EXERCISE DESCRIPTION:
Write out, word for word, the part of the listing below that opens with the line containing "1girl, spiked hair, very" and closes with the line containing "DRESSTERIOR「シアー ストライプシャツ」|シャツ・ブラウス|", keeping both of those lines and adding no others.

╔══

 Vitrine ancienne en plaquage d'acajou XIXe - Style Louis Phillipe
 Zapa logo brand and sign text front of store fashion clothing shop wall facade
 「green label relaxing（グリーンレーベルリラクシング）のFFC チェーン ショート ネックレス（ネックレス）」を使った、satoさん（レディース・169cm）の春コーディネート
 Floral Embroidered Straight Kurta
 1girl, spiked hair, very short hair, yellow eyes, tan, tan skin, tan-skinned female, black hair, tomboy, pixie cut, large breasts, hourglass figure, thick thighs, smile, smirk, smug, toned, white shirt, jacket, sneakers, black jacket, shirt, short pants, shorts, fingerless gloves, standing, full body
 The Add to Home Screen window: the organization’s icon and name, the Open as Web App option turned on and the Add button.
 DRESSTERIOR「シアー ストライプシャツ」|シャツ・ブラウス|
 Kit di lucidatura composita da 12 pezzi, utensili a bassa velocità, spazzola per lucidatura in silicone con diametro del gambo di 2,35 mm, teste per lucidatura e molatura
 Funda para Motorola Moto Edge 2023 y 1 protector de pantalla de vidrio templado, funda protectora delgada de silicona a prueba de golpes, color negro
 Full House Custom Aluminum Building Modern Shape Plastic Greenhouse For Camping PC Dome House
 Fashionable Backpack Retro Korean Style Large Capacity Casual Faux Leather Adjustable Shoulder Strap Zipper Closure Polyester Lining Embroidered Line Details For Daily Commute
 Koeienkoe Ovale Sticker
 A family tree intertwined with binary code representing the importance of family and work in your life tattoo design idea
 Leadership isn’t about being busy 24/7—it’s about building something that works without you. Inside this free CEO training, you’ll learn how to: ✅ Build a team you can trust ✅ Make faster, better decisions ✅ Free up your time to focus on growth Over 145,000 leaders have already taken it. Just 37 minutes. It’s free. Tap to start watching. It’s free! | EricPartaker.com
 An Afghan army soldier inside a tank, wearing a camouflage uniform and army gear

╚══

COMPLETED EXERCISE:
 1girl, spiked hair, very short hair, yellow eyes, tan, tan skin, tan-skinned female, black hair, tomboy, pixie cut, large breasts, hourglass figure, thick thighs, smile, smirk, smug, toned, white shirt, jacket, sneakers, black jacket, shirt, short pants, shorts, fingerless gloves, standing, full body
 The Add to Home Screen window: the organization’s icon and name, the Open as Web App option turned on and the Add button.
 DRESSTERIOR「シアー ストライプシャツ」|シャツ・ブラウス|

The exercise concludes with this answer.